A verbatim copy of the full data, with no pictures, is the expected answer.
───── Records for processing ─────
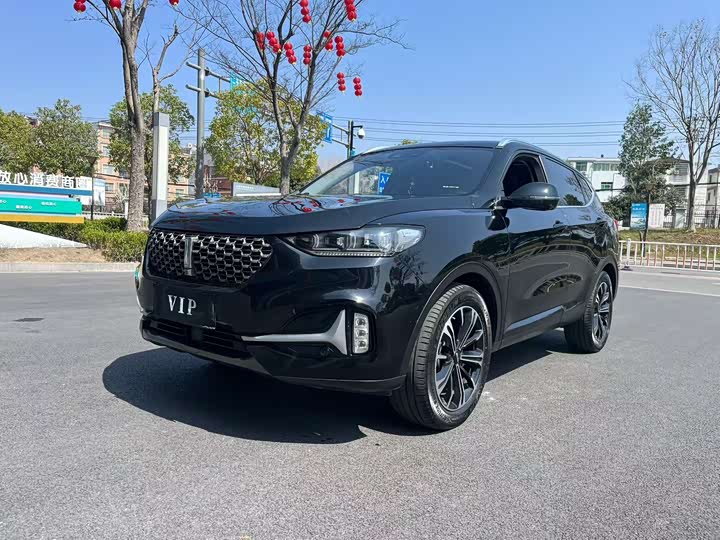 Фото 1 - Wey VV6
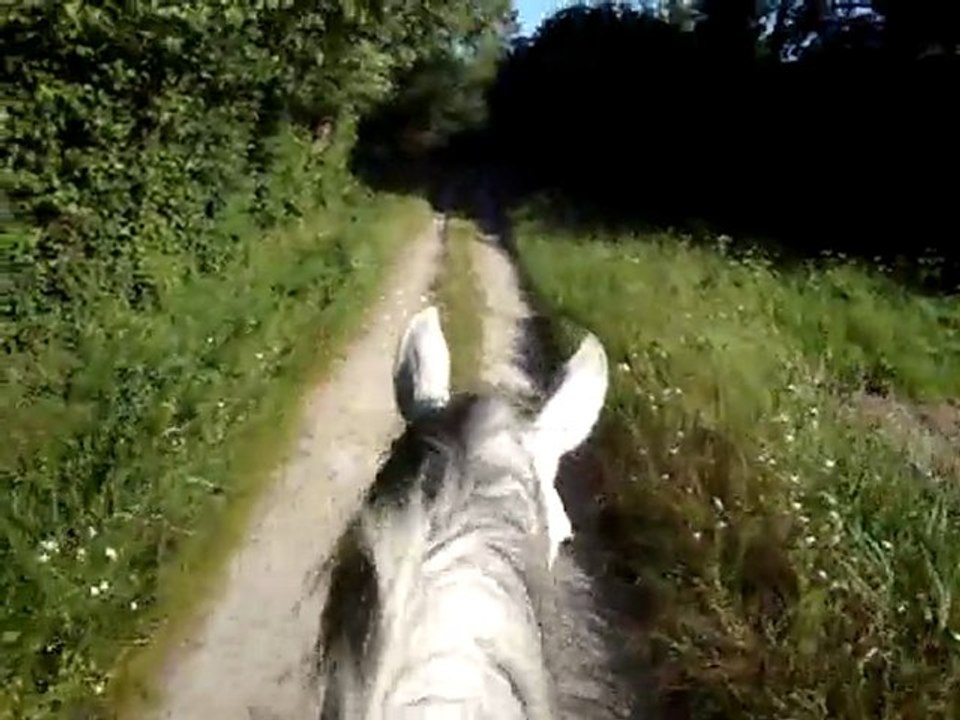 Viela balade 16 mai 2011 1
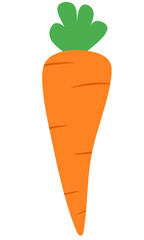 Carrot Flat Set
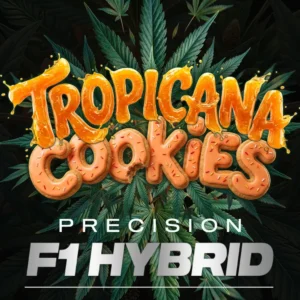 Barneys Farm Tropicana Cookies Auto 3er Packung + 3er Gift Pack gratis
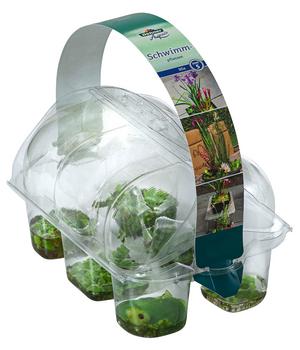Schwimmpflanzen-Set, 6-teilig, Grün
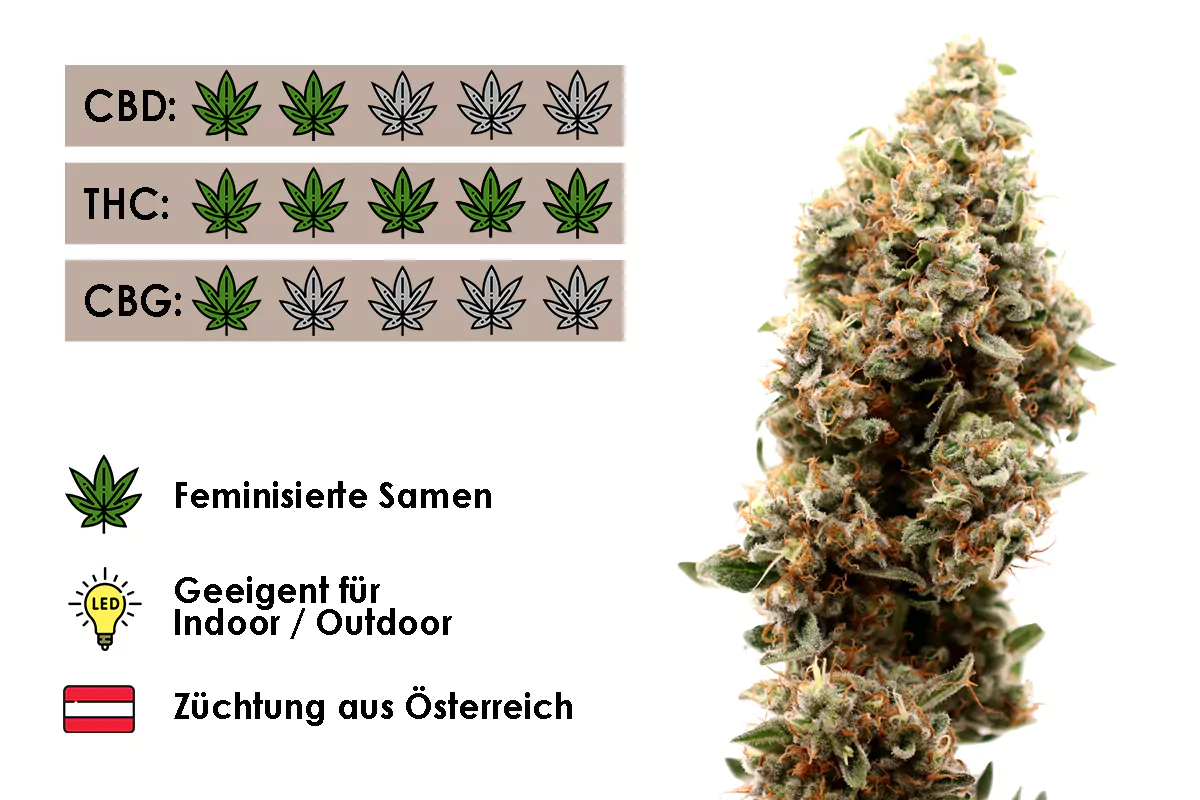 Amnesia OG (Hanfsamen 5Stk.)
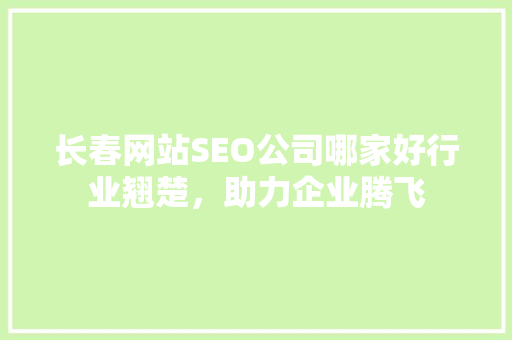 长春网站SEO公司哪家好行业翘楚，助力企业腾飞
─────
## Written reply
 Фото 1 - Wey VV6
 Viela balade 16 mai 2011 1
 Carrot Flat Set
 Barneys Farm Tropicana Cookies Auto 3er Packung + 3er Gift Pack gratis
Schwimmpflanzen-Set, 6-teilig, Grün
 Amnesia OG (Hanfsamen 5Stk.)
 长春网站SEO公司哪家好行业翘楚，助力企业腾飞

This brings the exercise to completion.